▶ [GIVEN ENTRIES]
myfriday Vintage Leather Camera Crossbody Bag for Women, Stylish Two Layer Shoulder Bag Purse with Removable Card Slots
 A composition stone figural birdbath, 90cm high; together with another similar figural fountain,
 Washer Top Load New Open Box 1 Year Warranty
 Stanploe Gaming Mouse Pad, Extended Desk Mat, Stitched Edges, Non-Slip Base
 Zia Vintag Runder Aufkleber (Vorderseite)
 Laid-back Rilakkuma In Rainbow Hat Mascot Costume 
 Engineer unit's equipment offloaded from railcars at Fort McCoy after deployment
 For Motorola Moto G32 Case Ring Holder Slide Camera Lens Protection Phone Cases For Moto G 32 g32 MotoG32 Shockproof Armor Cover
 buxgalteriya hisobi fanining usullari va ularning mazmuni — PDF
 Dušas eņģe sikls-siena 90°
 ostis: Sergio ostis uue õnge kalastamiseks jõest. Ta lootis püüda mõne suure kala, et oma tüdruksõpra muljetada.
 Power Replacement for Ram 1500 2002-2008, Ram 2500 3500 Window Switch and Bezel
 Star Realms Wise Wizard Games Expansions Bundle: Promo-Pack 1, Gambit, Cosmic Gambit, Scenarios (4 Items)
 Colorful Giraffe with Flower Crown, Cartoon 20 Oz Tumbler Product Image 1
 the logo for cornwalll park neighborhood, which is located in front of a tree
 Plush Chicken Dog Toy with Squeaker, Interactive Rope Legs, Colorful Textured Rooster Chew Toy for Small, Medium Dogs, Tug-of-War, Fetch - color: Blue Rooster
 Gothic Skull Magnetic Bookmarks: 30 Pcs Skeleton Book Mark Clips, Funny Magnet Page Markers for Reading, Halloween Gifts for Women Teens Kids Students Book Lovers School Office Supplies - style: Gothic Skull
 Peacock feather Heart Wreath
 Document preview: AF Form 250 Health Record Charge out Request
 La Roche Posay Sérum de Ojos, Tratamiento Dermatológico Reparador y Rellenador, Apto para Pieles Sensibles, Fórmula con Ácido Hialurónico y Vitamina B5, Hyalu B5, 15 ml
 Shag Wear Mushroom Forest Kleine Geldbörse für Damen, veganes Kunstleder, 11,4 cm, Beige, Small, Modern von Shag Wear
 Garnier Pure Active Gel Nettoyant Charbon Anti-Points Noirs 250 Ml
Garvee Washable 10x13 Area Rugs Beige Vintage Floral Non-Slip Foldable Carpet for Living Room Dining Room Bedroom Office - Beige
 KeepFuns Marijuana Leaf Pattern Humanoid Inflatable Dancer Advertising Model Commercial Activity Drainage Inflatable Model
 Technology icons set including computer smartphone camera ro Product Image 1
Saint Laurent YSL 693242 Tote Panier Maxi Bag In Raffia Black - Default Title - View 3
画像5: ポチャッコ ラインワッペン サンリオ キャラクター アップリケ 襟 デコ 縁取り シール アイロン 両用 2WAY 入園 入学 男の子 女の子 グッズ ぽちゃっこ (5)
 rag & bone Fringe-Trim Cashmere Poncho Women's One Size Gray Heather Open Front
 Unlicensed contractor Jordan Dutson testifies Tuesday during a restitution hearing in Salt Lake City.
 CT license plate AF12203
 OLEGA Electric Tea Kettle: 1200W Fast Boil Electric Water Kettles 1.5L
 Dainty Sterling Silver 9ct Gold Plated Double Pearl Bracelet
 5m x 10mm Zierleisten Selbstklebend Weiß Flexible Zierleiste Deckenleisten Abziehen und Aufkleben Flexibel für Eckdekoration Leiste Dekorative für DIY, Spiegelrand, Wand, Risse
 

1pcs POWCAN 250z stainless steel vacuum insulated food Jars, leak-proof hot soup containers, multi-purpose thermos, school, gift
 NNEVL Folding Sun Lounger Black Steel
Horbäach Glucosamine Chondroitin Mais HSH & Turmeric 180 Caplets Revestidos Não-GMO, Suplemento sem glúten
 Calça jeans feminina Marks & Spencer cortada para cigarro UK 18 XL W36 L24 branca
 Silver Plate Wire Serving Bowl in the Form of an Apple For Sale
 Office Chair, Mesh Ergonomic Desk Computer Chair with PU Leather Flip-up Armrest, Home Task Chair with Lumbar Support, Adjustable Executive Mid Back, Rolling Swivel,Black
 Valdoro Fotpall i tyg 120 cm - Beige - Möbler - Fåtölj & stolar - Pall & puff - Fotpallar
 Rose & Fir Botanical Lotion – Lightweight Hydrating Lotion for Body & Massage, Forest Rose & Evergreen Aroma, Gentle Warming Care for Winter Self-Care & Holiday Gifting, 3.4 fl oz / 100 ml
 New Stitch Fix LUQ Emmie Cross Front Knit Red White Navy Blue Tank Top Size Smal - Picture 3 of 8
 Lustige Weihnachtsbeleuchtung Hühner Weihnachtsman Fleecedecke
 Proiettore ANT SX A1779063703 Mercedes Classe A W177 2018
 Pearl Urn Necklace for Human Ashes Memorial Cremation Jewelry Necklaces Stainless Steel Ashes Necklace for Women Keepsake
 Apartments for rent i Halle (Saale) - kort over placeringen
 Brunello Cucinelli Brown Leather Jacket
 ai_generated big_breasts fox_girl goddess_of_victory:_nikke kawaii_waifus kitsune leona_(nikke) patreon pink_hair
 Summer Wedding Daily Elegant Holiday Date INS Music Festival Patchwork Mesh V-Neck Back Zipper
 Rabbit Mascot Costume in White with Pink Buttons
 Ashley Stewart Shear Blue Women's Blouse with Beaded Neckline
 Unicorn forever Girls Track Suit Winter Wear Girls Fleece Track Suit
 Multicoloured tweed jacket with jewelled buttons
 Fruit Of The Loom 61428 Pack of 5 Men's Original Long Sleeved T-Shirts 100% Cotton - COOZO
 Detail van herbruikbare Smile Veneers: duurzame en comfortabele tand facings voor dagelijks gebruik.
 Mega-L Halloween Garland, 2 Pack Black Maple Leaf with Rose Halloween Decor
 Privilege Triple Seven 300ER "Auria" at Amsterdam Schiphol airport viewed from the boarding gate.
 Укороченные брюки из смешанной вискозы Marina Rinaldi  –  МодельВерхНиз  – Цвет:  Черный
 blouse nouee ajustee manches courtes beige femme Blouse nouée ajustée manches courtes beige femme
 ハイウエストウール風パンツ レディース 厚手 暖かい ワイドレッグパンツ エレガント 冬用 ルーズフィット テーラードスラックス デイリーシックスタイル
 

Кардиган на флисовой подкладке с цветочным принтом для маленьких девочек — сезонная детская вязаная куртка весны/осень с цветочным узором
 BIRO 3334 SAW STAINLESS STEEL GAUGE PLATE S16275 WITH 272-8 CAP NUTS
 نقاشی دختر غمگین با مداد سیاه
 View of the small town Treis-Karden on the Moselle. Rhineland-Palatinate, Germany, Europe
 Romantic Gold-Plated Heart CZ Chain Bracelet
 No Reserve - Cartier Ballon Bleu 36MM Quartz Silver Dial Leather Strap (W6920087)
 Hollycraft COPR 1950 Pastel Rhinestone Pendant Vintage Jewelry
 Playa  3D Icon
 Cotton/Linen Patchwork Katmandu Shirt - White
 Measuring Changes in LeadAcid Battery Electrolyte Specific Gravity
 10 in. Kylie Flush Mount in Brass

▶ [REQUIREMENT]
Transcribe the material exactly, stopping after the "Shag Wear Mushroom" line.

▶ [SOLUTION TO THIS TASK]
myfriday Vintage Leather Camera Crossbody Bag for Women, Stylish Two Layer Shoulder Bag Purse with Removable Card Slots
 A composition stone figural birdbath, 90cm high; together with another similar figural fountain,
 Washer Top Load New Open Box 1 Year Warranty
 Stanploe Gaming Mouse Pad, Extended Desk Mat, Stitched Edges, Non-Slip Base
 Zia Vintag Runder Aufkleber (Vorderseite)
 Laid-back Rilakkuma In Rainbow Hat Mascot Costume 
 Engineer unit's equipment offloaded from railcars at Fort McCoy after deployment
 For Motorola Moto G32 Case Ring Holder Slide Camera Lens Protection Phone Cases For Moto G 32 g32 MotoG32 Shockproof Armor Cover
 buxgalteriya hisobi fanining usullari va ularning mazmuni — PDF
 Dušas eņģe sikls-siena 90°
 ostis: Sergio ostis uue õnge kalastamiseks jõest. Ta lootis püüda mõne suure kala, et oma tüdruksõpra muljetada.
 Power Replacement for Ram 1500 2002-2008, Ram 2500 3500 Window Switch and Bezel
 Star Realms Wise Wizard Games Expansions Bundle: Promo-Pack 1, Gambit, Cosmic Gambit, Scenarios (4 Items)
 Colorful Giraffe with Flower Crown, Cartoon 20 Oz Tumbler Product Image 1
 the logo for cornwalll park neighborhood, which is located in front of a tree
 Plush Chicken Dog Toy with Squeaker, Interactive Rope Legs, Colorful Textured Rooster Chew Toy for Small, Medium Dogs, Tug-of-War, Fetch - color: Blue Rooster
 Gothic Skull Magnetic Bookmarks: 30 Pcs Skeleton Book Mark Clips, Funny Magnet Page Markers for Reading, Halloween Gifts for Women Teens Kids Students Book Lovers School Office Supplies - style: Gothic Skull
 Peacock feather Heart Wreath
 Document preview: AF Form 250 Health Record Charge out Request
 La Roche Posay Sérum de Ojos, Tratamiento Dermatológico Reparador y Rellenador, Apto para Pieles Sensibles, Fórmula con Ácido Hialurónico y Vitamina B5, Hyalu B5, 15 ml
 Shag Wear Mushroom Forest Kleine Geldbörse für Damen, veganes Kunstleder, 11,4 cm, Beige, Small, Modern von Shag Wear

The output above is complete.